Protections Protocol Test Confidence A-Stranger

**II-30** 

# III. MAINTENANCE TESTING

the component level to the functional level. To this month we and

## A. INTRODUCTION

In this section we focus exclusively on the problem of maintenance testing. By maintenance testing we mean the testing which is done after a system has been released and placed into operational use. This is distinguished from prototype testing which is done on the original or prototype system for the purpose of determining whether the system actually constructed meets the design specifications and performance requirements established in the earlier stages of the development process. Prototype testing is essentially a certification process. Maintenance testing, on the other hand, is directed toward the question of whether a particular copy of a system remains in the same condition as it was when first placed in service.

Our goal is to present a method which might be used as the basis of maintenance testing. The idea of partitioning which we consider here is not a new idea. It has been explored and developed extensively in the context of testing digital circuitry [18], but it has apparently not been examined in the context of systems testing or software testing. After the idea is presented, a discussion of some of the problems in applying the method in a real testing situation is included.
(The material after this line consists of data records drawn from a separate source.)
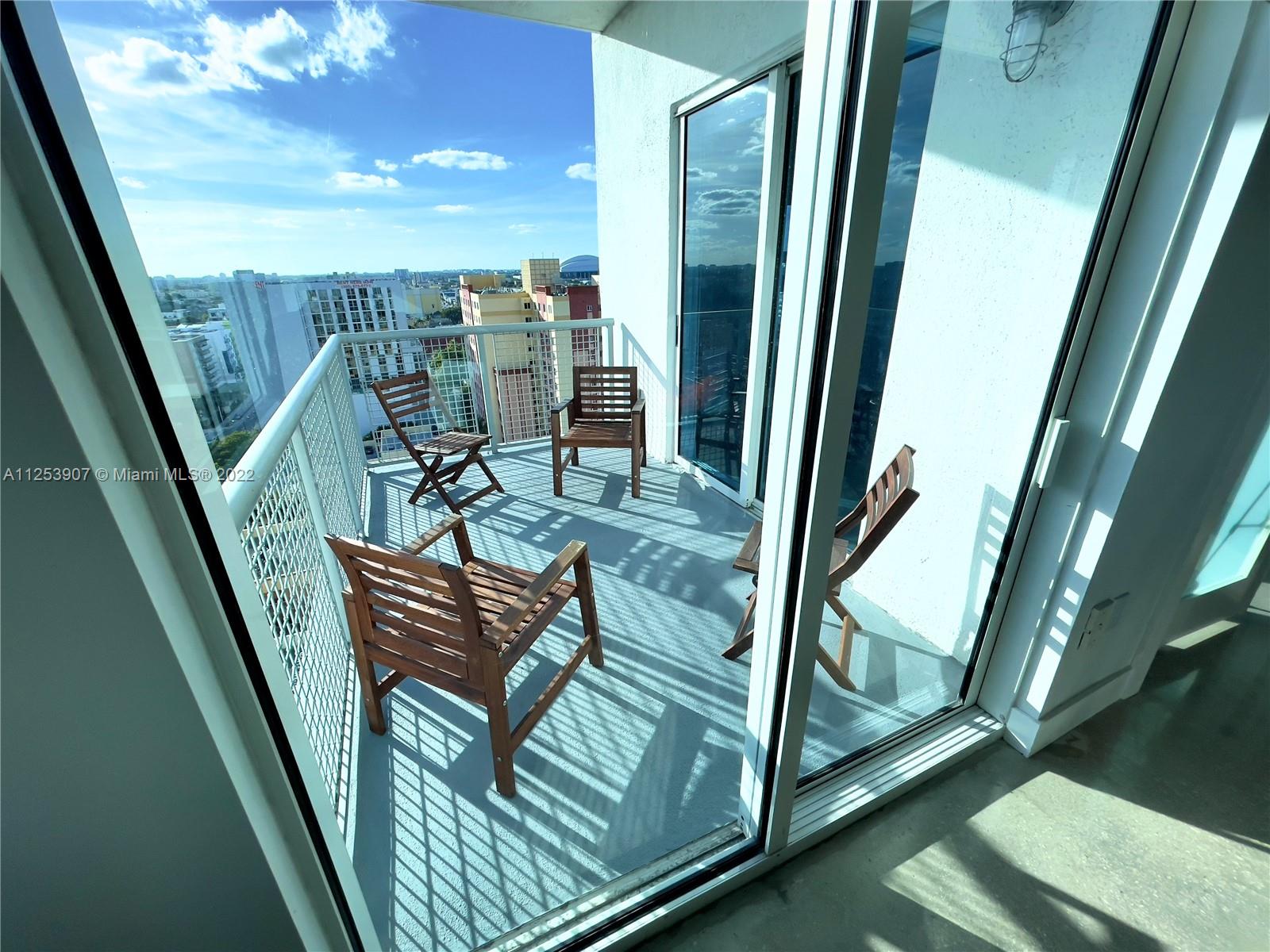 NEO CONDO - Residential Lease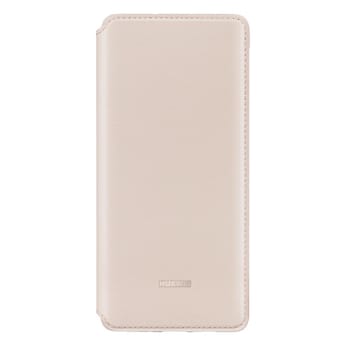 Booklet "Wallet Cover" für HUAWEI P30 Pro, Pink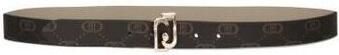 Liu Jo Riem REVERSIBLE HIPS BELT AF5239 E0053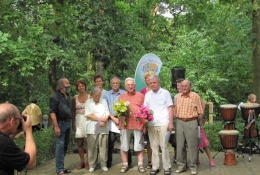 Sommerfest 2010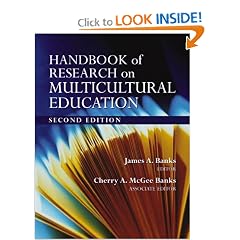 Handbook of Research on Multicultural Education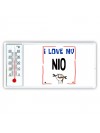 I love my Nio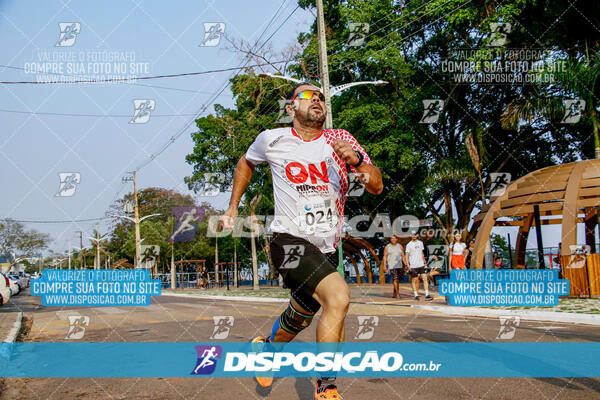 1ª Corrida de Rua de Porto Rico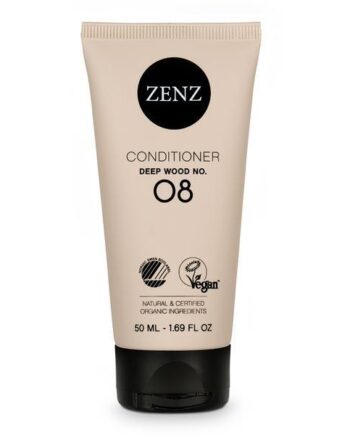 Zenz Organic Conditioner Deep Wood Version 50ml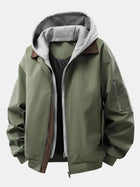 ALDER JACKET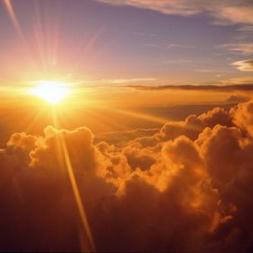 Dawning of a New Day...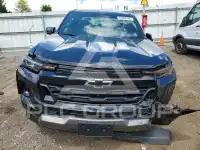 2026 Chevrolet Colorado фото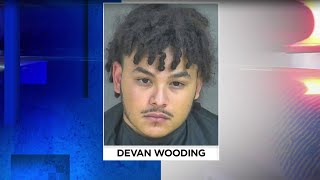 Suspect in custody after fatal Lynchburg shooting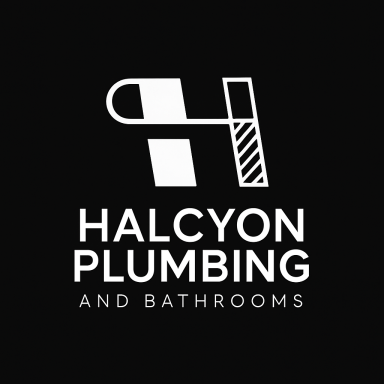 Halcyon Bathrooms Logo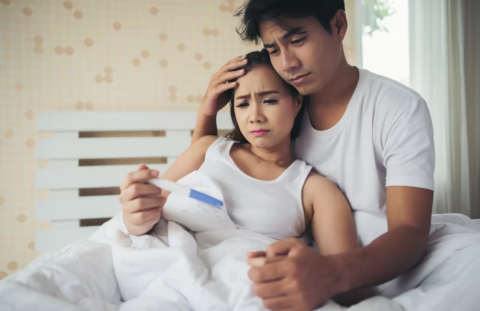 What are effective methods of treating male infertility?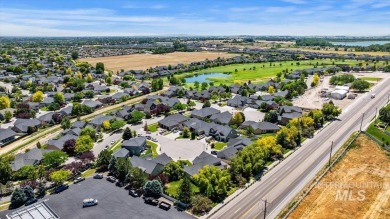 This stunning home, near RedHawk Golf Course, sits on a on Hunters Point Golf Club in Idaho - for sale on GolfHomes.com, golf home, golf lot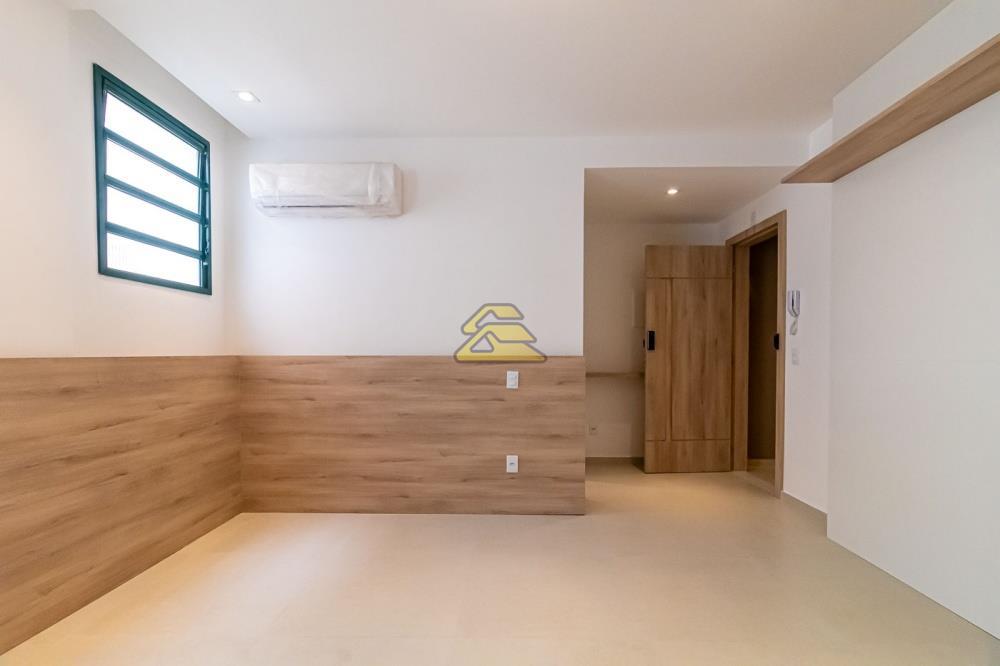 Apartamento à venda com 1 quarto, 26m² - Foto 20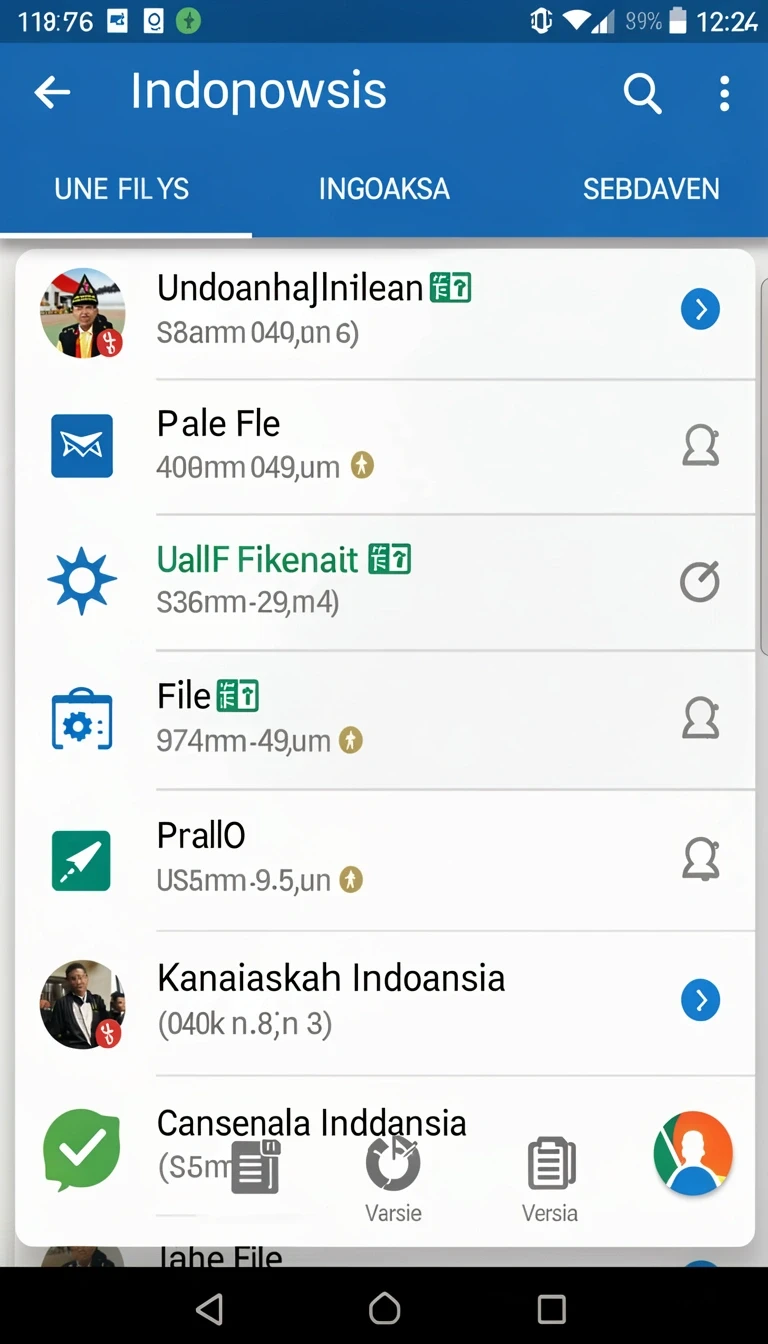 Review Aplikasi dmd686 Versi Terbaru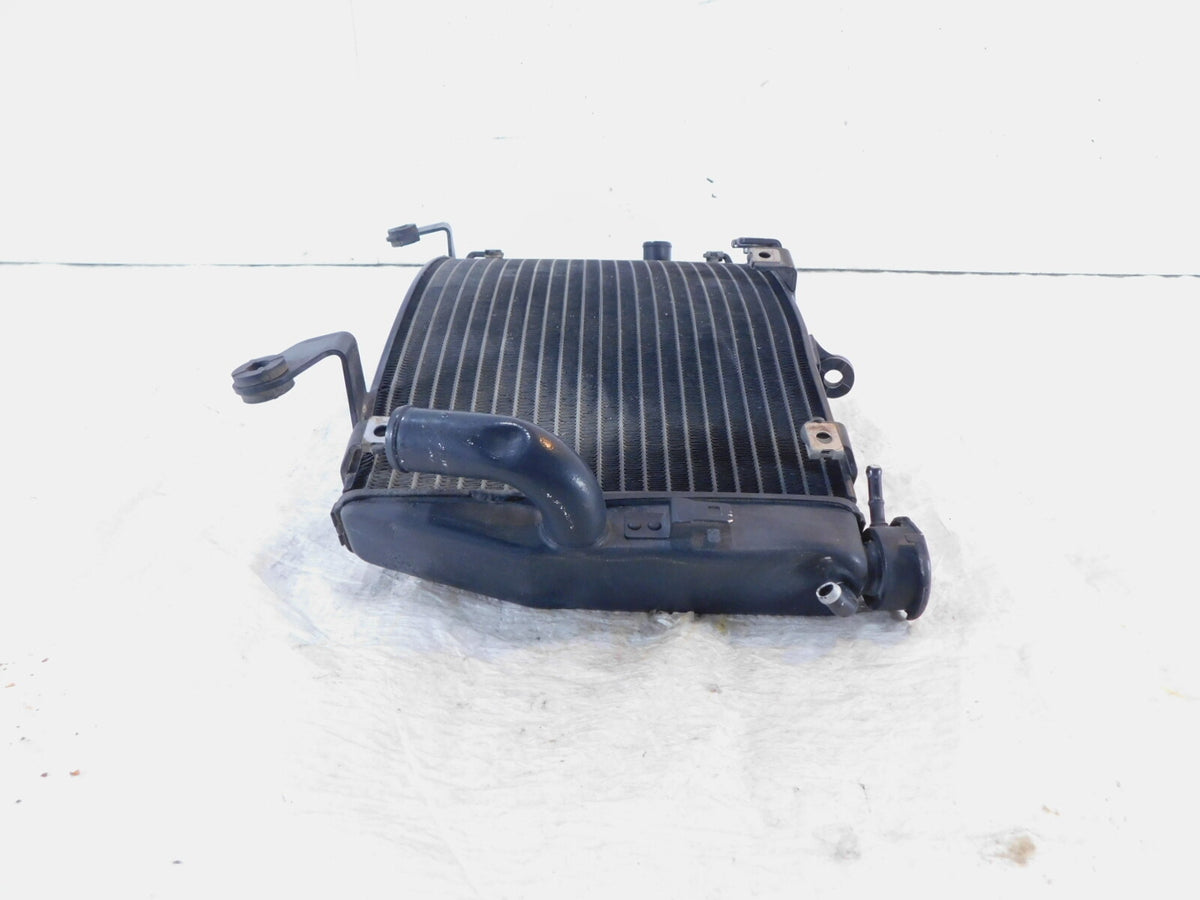 2003-2018 Honda ST1300 ST1300A 1300 Front Engine Motor Cooling Coolant Radiator - C3 Cycle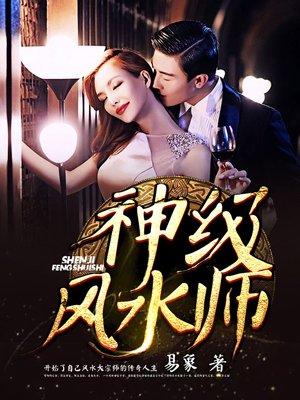 神级风水师境界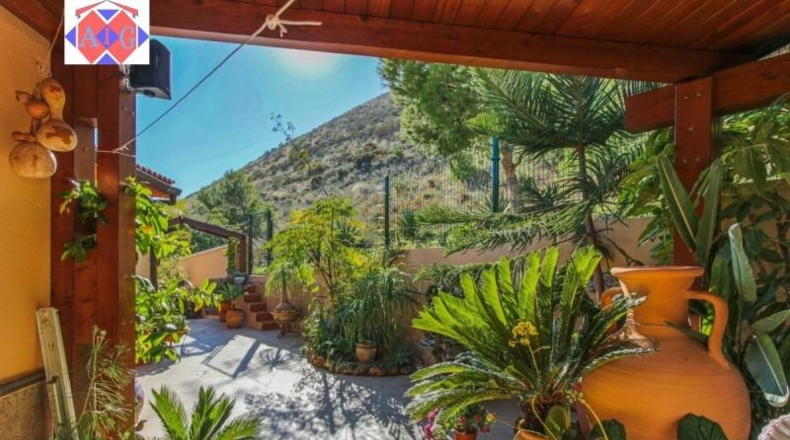 Granada - Gualchos - 1031m2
## B. DISCUSSION OF SYSTEM FAULTS

We define a system fault as any hardware or software condition which causes the system to deviate from its design specification in an observable manner. Observations can be made at several levels from

the component level to the functional level. In this section we are not concerned about the level at which observations are made, but we do make some additional assumptions about the nature of system faults and it is important that these be clearly understood.

We assume that the faults under consideration are non transient in the sense that, whatever condition or fault occurs, it remains until corrected. Thus spurious results are not observed in the testing procedure. This means that when given the same initial state of the system the same input test conditions always produce the same test output. Thus the tests are repeatable in the sense that the system being tested is not changing during the test period. In a real testing situation it is often the case that apparently spurious results are obtained. The practical difficulty in reproducing them generally lies in the inability to reproduce the test conditions exactly. This often occurs because a sequence of tests interact. Earlier tests may change memory or write over critical values or otherwise change the state of the system. Thus for purposes of our discussion we will assume that the system under test has a reset capability so that the state of the system is the same before each test. The system may contain a fault, but it contains the same fault until fixed. The effect of this reset assumption is to make each test in a series of tests act independently so that exactly the same information is obtained by applying test 1 and then test 2 as is obtained by applying first 2 then 1.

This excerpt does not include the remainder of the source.